Fax Blasting Covered Under A Commercial Liability Policy

The Illinois Supreme Court Holds That Fax Blasting May Be Potentially Covered Under A Commercial Liability Policy

In Valley Forge Ins. Co. v. Swiderski Electronics, Inc., 2006 WL 3491675 (Ill. 2006), the Illinois Supreme Court held that allegations against an insured for unsolicited faxes potentially fell within the insured’s commercial general liability “advertising injury” coverage as a “publication,” and “material that violates a person’s right of privacy.” The “right of privacy” in the “advertising injury” provision connoted both an interest in seclusion and an interest in the secrecy of personal information.

In Swiderski, Swiderski Electronics sent Rizzo, a private detective, and others a fax advertisement with sales information on various types of electronic equipment. This type of advertising still occurs with unsuspecting new businesses or those that simply do not realize that it may be illegal. In response to this advertising, Rizzo filed a class action suit alleging that, by faxing copies of the advertisement without first obtaining the recipients’ permission, Swiderski violated section 227 of the Telephone Consumer Protection Act (TCPA) (47 U.S.C. § 227 (2000)). The complaint sought damages, attorney fees, and injunctive relief on behalf of all individuals who received an unsolicited fax advertisement from Swiderski.

Swiderski tendered defense of the suit to its primary insurer, Valley Forge, and its excess insurer, Continental Casualty Corporation. The policies provided similar coverage. Under the Valley Forge policy, Valley Forge had a duty to defend Swiderski against any suit seeking damage caused by “personal and advertising injury.” Personal and advertising injury included injury that arose from “oral or written publication, in any manner, of material that violates a person’s right of privacy.”

Swiderski argued that the complaint alleged facts potentially within policy coverage so that the insurer had a duty to defend.

The essence of a TCPA fax-ad claim is that one party sends another an unsolicited fax advertisement. The receipt of an unsolicited fax advertisement implicates a person’s right of privacy insofar as it violates a person’s seclusion, and such a violation is one of the injuries that a TCPA fax-ad claim is intended to vindicate. The harm from unsolicited faxes involves protection of ‘privacy.’ The court found that the TCPA’s private right of action was meant to remedy and prevent the twin harms of damage to privacy and economic damage.  The court found that it was clear that the TCPA aimed in part to protect privacy.  With the TCPA, Congress took aim at the intrusive nature of unsolicited faxes.

The complaint implicitly alleged a violation of a privacy interest. Based on the plain, ordinary, and popular meaning of those words, the court believed that this type of injury fell potentially within the coverage of the “advertising injury” provision.

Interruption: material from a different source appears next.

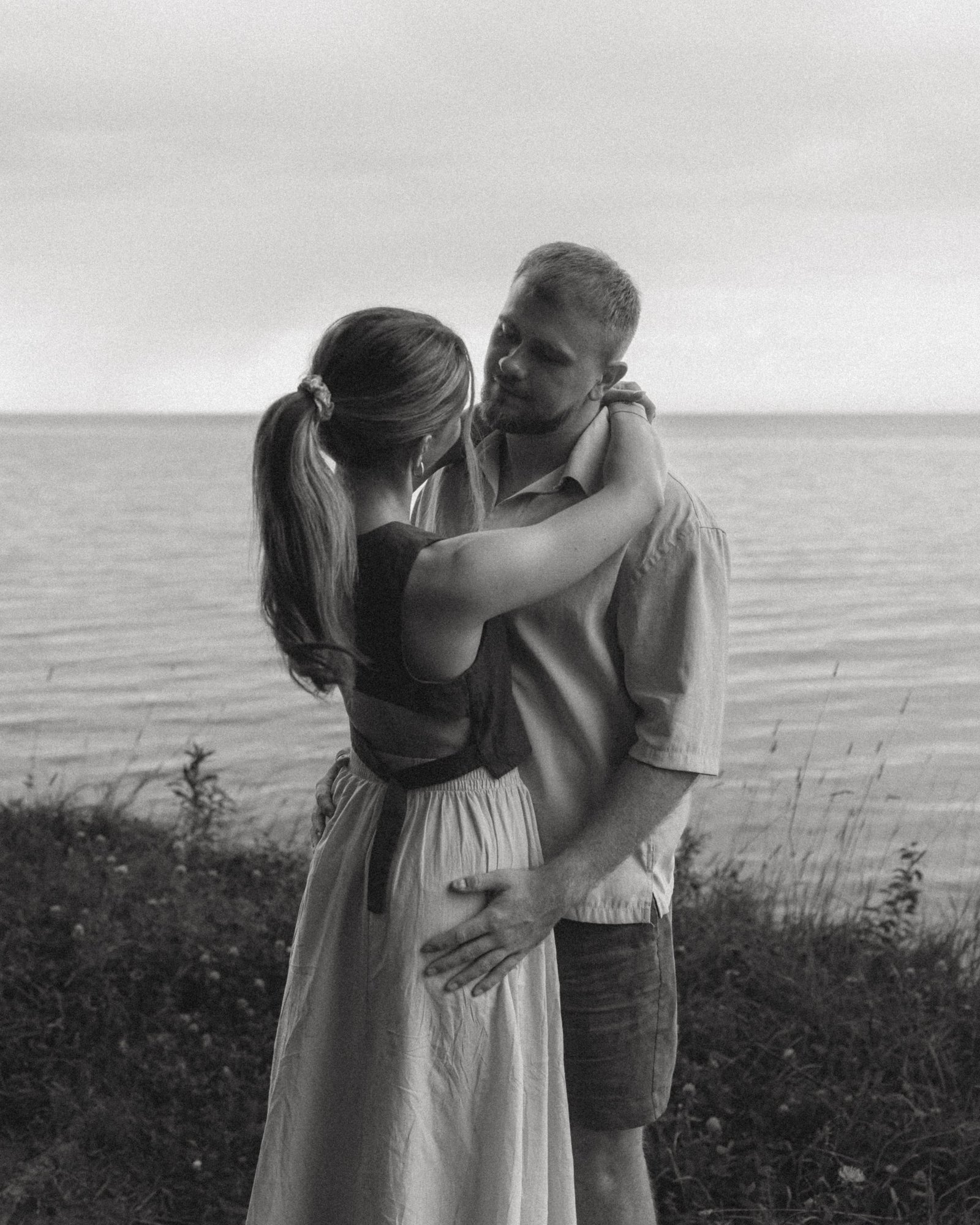 A black and white frame of a couple in a close embrace on the bluff, the flat lake and an overcast sky behind them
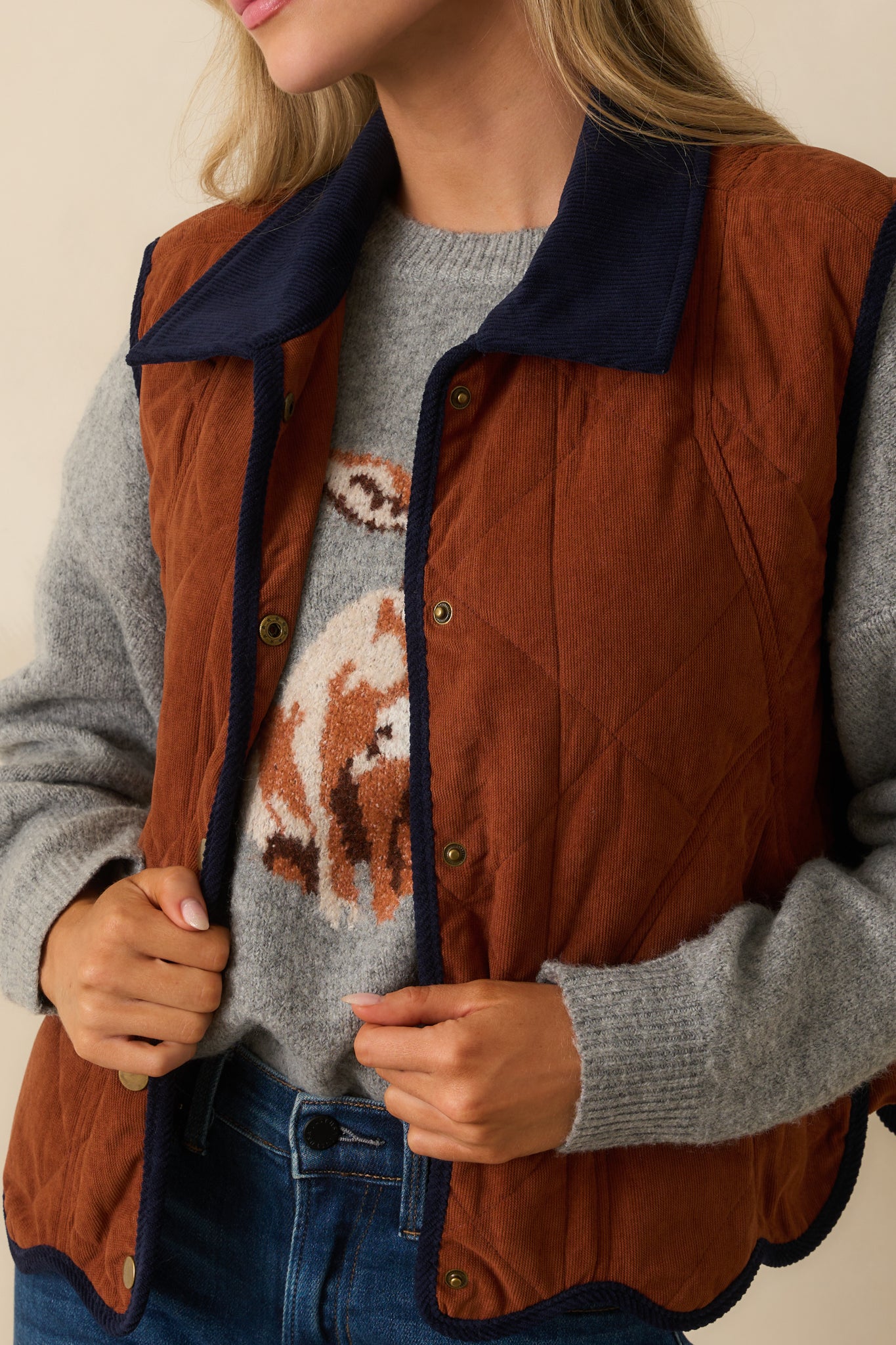 Detailed view of diamond stitching, scalloped hem, and navy trim on the ginger brown vest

The policy did not define the terms “publication,” “material,” or “right of privacy.” The court found that the “right of privacy” connoted both an interest in seclusion and an interest in the secrecy of personal information. The policy language “material that violates a person’s right of privacy” could reasonably be understood to refer to material that violated a person’s seclusion. Unsolicited fax advertisements, the subject of a TCPA fax-ad claim, fall within this category.

By faxing advertisements, Swiderski engaged in the “written * * * publication” of the advertisements. The “material” that Swiderski allegedly published, advertisements, qualified as “material that violated a person’s right of privacy,” because, according to the complaint, the advertisements were sent without first obtaining the recipients’ permission, and therefore violated their privacy interest in seclusion. The language of the “advertising injury” provision was sufficiently broad to encompass the conduct alleged in the complaint.

The court noted that its conclusion was in agreement with the majority of federal courts of appeals that have considered “advertising injury” coverage for fax-ad claims. State courts remain incongruent in their holdings due to varying policy language and a mixed application of the law.

In this case, what may have seemed like an innocent advertising action, can cause significant downstream damage. Here, an insured was merely sending out a notice of a sale and some rental information.  This generated a private cause of action on the part of each recipient.  A class action suit followed, triggering coverage under a liability policy. 

Most businesses are now aware of the TCPA and refrain from this activity.  For those few remaining companies, as well as new start-up companies, a fax-ad campaign could lead to a series of suits and potential coverage under a liability policy.